▸ What is being asked
All records below are to be transcribed exactly, with every picture left out.

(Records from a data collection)
☆ ☆ ☆
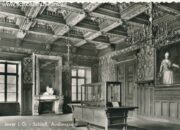 Der Audienzsaal noch mit Vitrine in der Mitte.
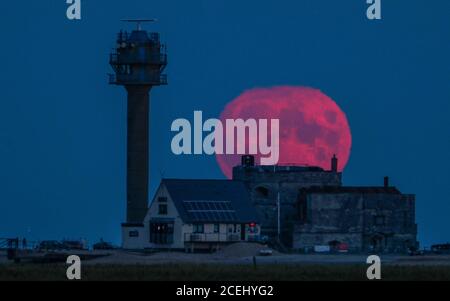 CalShot, Southampton. 1er septembre 2020. Météo au Royaume-Uni : la pleine lune connue sous le nom de Lune de récolte ou Lune de maïs s'élève le long de la tour de montre de Coastwatch de Calshot et derrière le château de Calshot sur le Spit de Calshot. La dernière pleine lune de l'été 2020 sera à son maximum à 6.23 demain matin. Credit Stuart Martin/Alamy Live News Banque D'Images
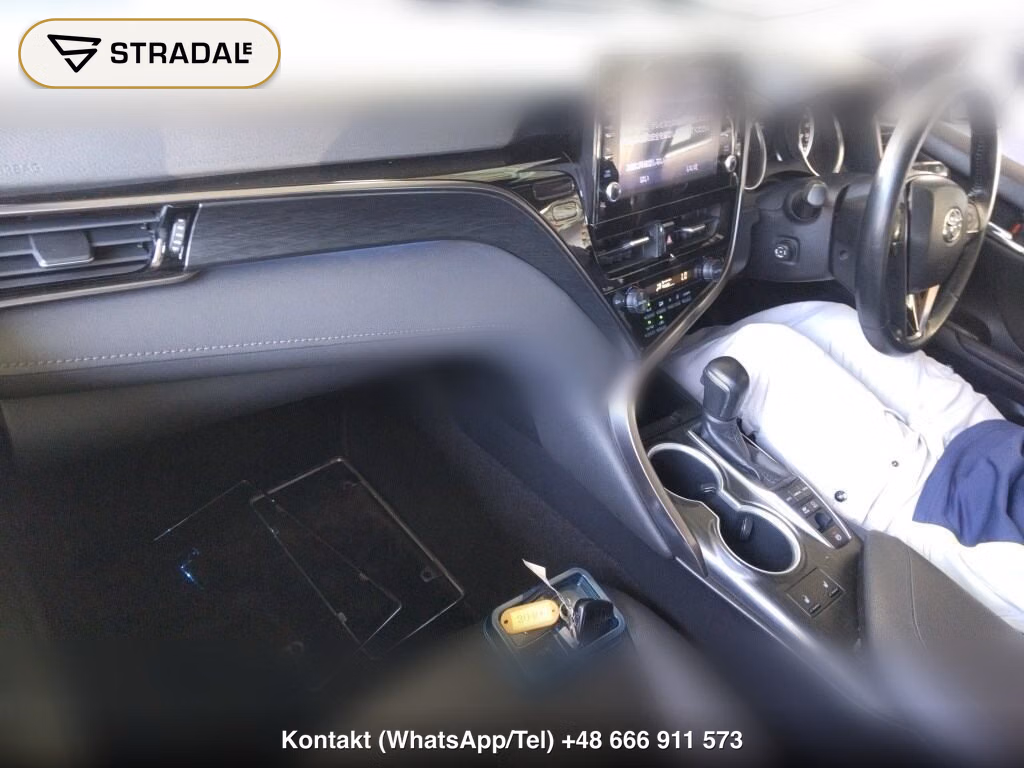 TOYOTA CAMRY 4D G LEATHER PACKAGE, miniaturka 4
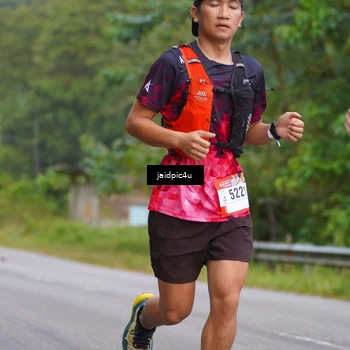 Runner Photo 5056418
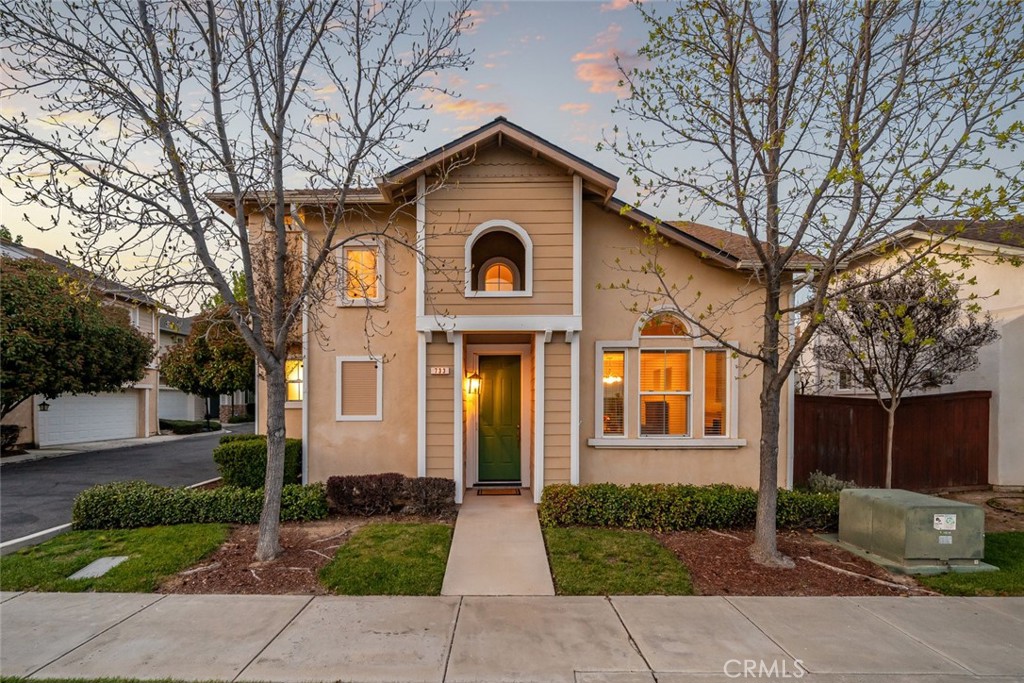 733 Cottage Lane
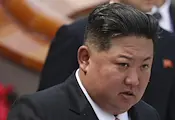 Ким Чен Ун посети град Дандун в Китай Ким Чен Ун посети град Дандун в Китай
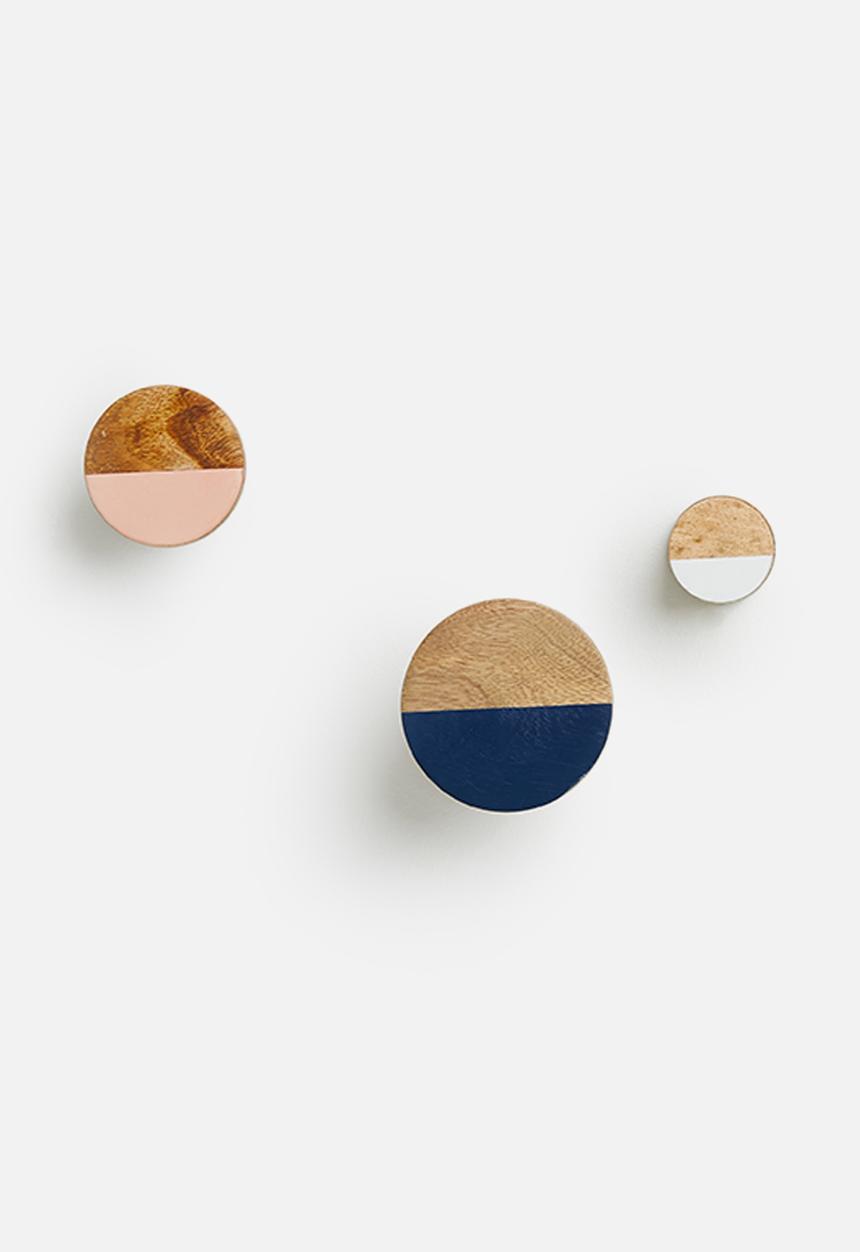 Sixth Floor - Mika hooks set of 3 - youth tonic 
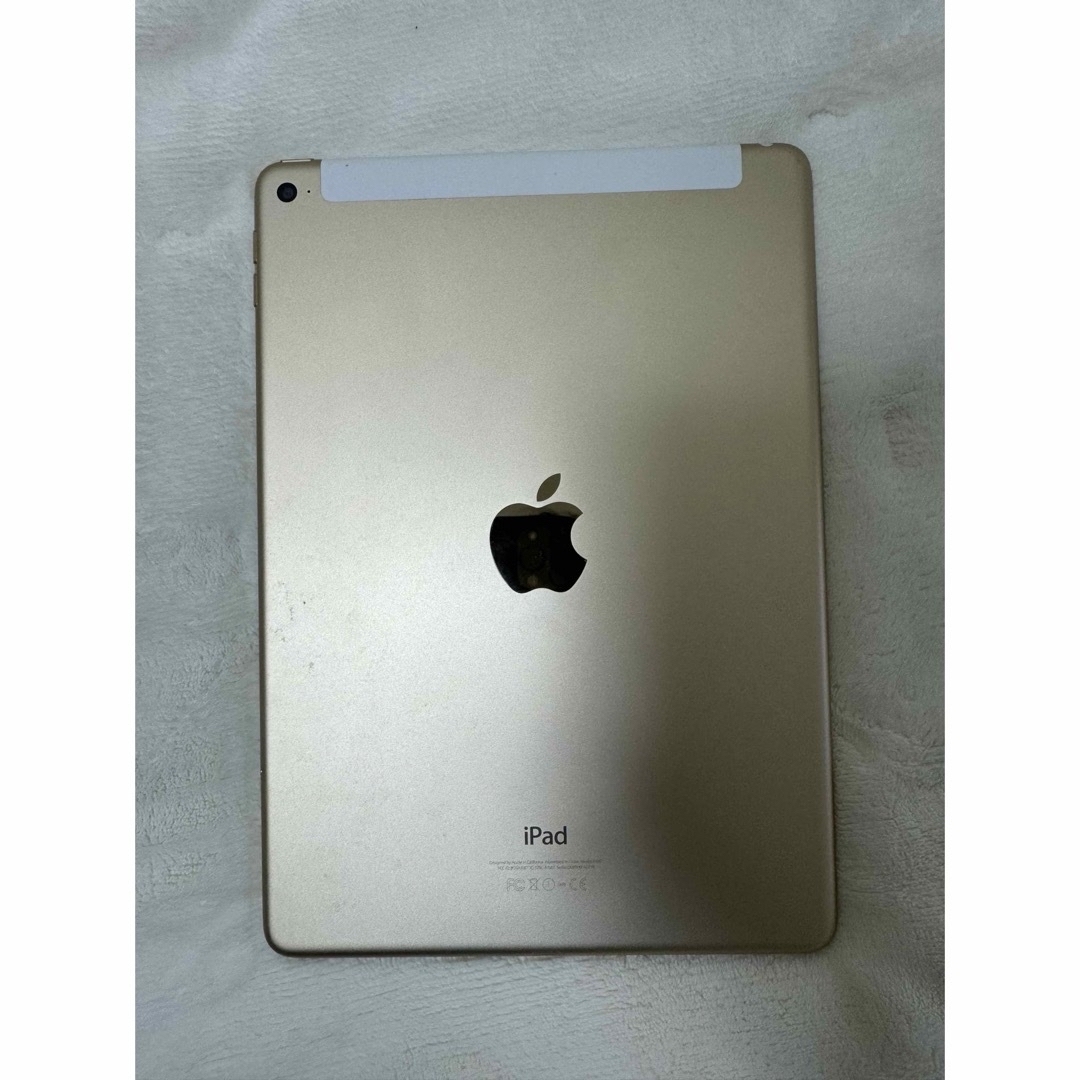 Apple(アップル)のApple iPad Air 2 128GB MH1G2J/A スマホ/家電/カメラのPC/タブレット(タブレット)の商品写真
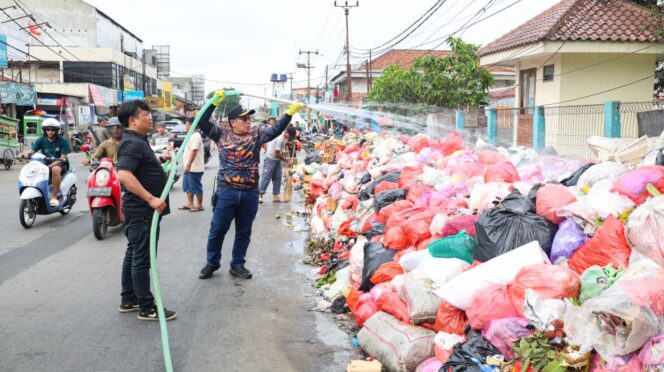 
Pemkot Tangsel Tutup Tumpukan Sampah Pakai Terpal dan Semprotan Anti Bau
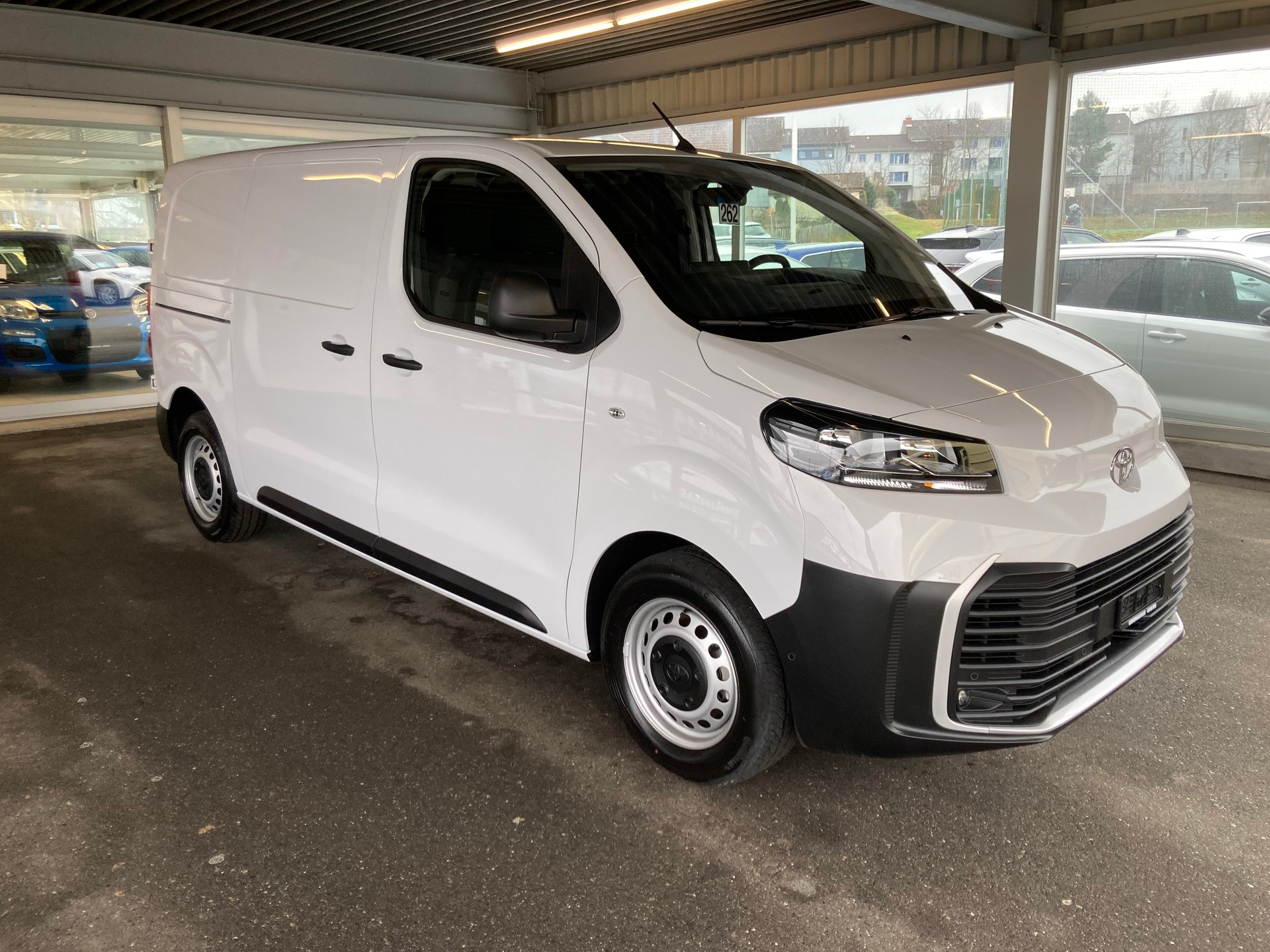 TOYOTA Proace 2.0D Panel Van Medium Advanced-image-2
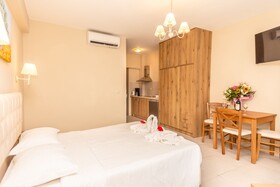 Robolla Beach Apart Hotel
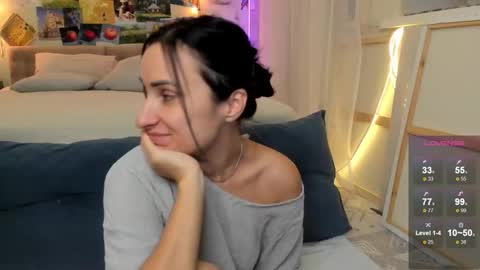 Ava online show from 11-09-25, 04:27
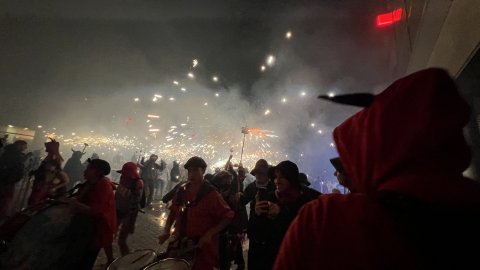 Mataró. Les Santes 2023. Desvetllament bellugós i Escapada a negra nit. Nit Boja. Matinada del 25 al 26 de juliol de 2023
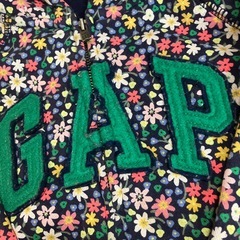 GAP 花柄パーカー フード付き　105の画像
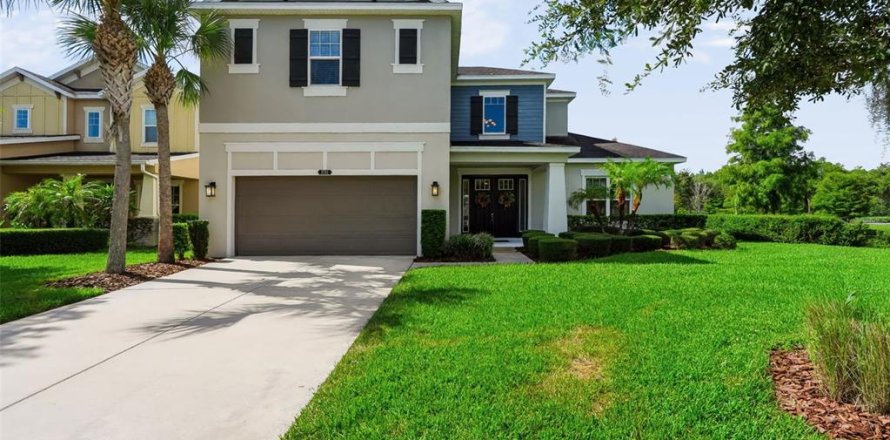 House in CONNERTON

 in Land O' Lakes, Florida 4 bedrooms, 313.82 sq.m. № 2351777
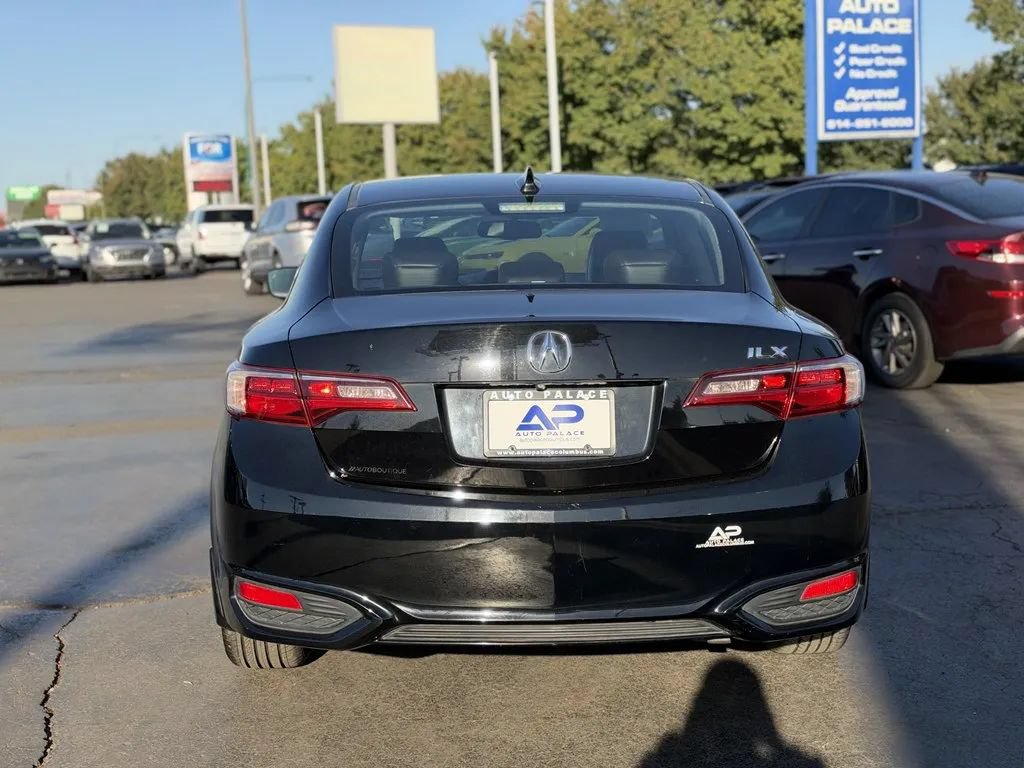 Used 2016 Acura ILX w/ Technology Plus Package FWD image 5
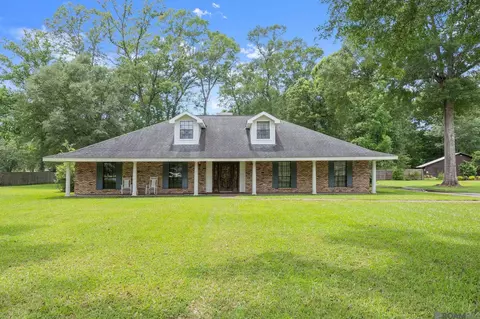 7625 Conestoga Dr, Greenwell Springs, LA 70739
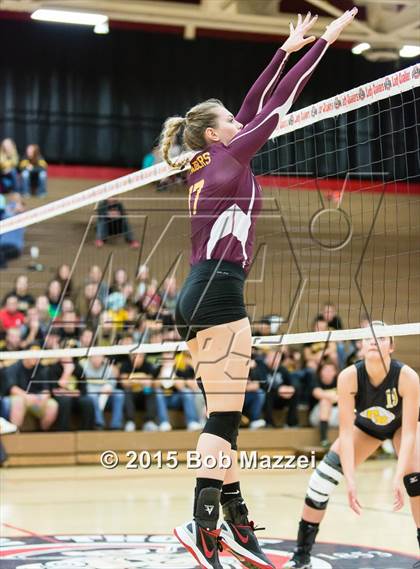 Thumbnail 2 in South Range vs. Crestview (OHSAA D3 Northeast Section 1 Final) photogallery.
☆ ☆ ☆
▸ Your response
 Der Audienzsaal noch mit Vitrine in der Mitte.
 CalShot, Southampton. 1er septembre 2020. Météo au Royaume-Uni : la pleine lune connue sous le nom de Lune de récolte ou Lune de maïs s'élève le long de la tour de montre de Coastwatch de Calshot et derrière le château de Calshot sur le Spit de Calshot. La dernière pleine lune de l'été 2020 sera à son maximum à 6.23 demain matin. Credit Stuart Martin/Alamy Live News Banque D'Images
 TOYOTA CAMRY 4D G LEATHER PACKAGE, miniaturka 4
 Runner Photo 5056418
 733 Cottage Lane
 Ким Чен Ун посети град Дандун в Китай Ким Чен Ун посети град Дандун в Китай
 Sixth Floor - Mika hooks set of 3 - youth tonic 
 Apple(アップル)のApple iPad Air 2 128GB MH1G2J/A スマホ/家電/カメラのPC/タブレット(タブレット)の商品写真
Pemkot Tangsel Tutup Tumpukan Sampah Pakai Terpal dan Semprotan Anti Bau
 TOYOTA Proace 2.0D Panel Van Medium Advanced-image-2
 Robolla Beach Apart Hotel
 Ava online show from 11-09-25, 04:27
 Mataró. Les Santes 2023. Desvetllament bellugós i Escapada a negra nit. Nit Boja. Matinada del 25 al 26 de juliol de 2023
 GAP 花柄パーカー フード付き　105の画像
 House in CONNERTON

 in Land O' Lakes, Florida 4 bedrooms, 313.82 sq.m. № 2351777
 Used 2016 Acura ILX w/ Technology Plus Package FWD image 5
 7625 Conestoga Dr, Greenwell Springs, LA 70739
 Thumbnail 2 in South Range vs. Crestview (OHSAA D3 Northeast Section 1 Final) photogallery.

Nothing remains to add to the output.